Anstatt zu erkennen, dass der politische Islam offensichtlich spätestens seit dem 11.9.01 im derzeitigen Zustand der Welt die größte neofaschistische Gefahr darstellt, und sich auf die Seite derjenigen zu stellen, die gewillt und in der Lage sind, den islamistischen Faschismus wirksam zu bekämpfen, also in erster Linie Israel, und ob es einem gefällt oder nicht, die Vereinigten Staaten von Amerika, hat diese Linke nichts besseres zu tun als genau mit jenen palästinensischen und islamistischen  Kräften das anti-emanzipatorische und antisemitische Bündnis einzugehen.
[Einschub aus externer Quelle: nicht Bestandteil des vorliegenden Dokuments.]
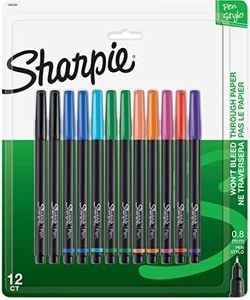 Sharpie Pe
Anstatt den Antisemitismus in jeder Form konsequent zu bekämpfen und der Bevölkerung in den arabischen Staaten bürgerliche Gesellschaften, also jene Gesellschaftsform, die überhaupt erst die Möglichkeit eröffnete, an die menschliche Emanzipation zu denken, zu wünschen und somit die theoretische Möglichkeit für den Kommunismus aufrechtzuerhalten, ist diese (sich antifaschistisch nennende) Linke lieber bereit faschistische Diktaturen gegen den “US-Imperialismus” zu verteidigen. Wenn sich die antiimperialistische Linke also gegen die Einführung bürgerlicher Verkehrsformen stellt, verwirft sie schon die Möglichkeit der Befreiung.

 

Angesichts der weltweiten Regression sollte es aber gerade die Aufgabe der emanzipatorischen Linken sein, die letzten Restbestände von Vernunft und Kritik aufrecht zu erhalten. Für eben solche Linke, kann es deswegen nur eine Möglichkeit geben: “Für Israel oder den globalen Faschismus, dazwischen gibt es nichts mehr.” (Justus Wertmüller, Bahamas Nr. 38)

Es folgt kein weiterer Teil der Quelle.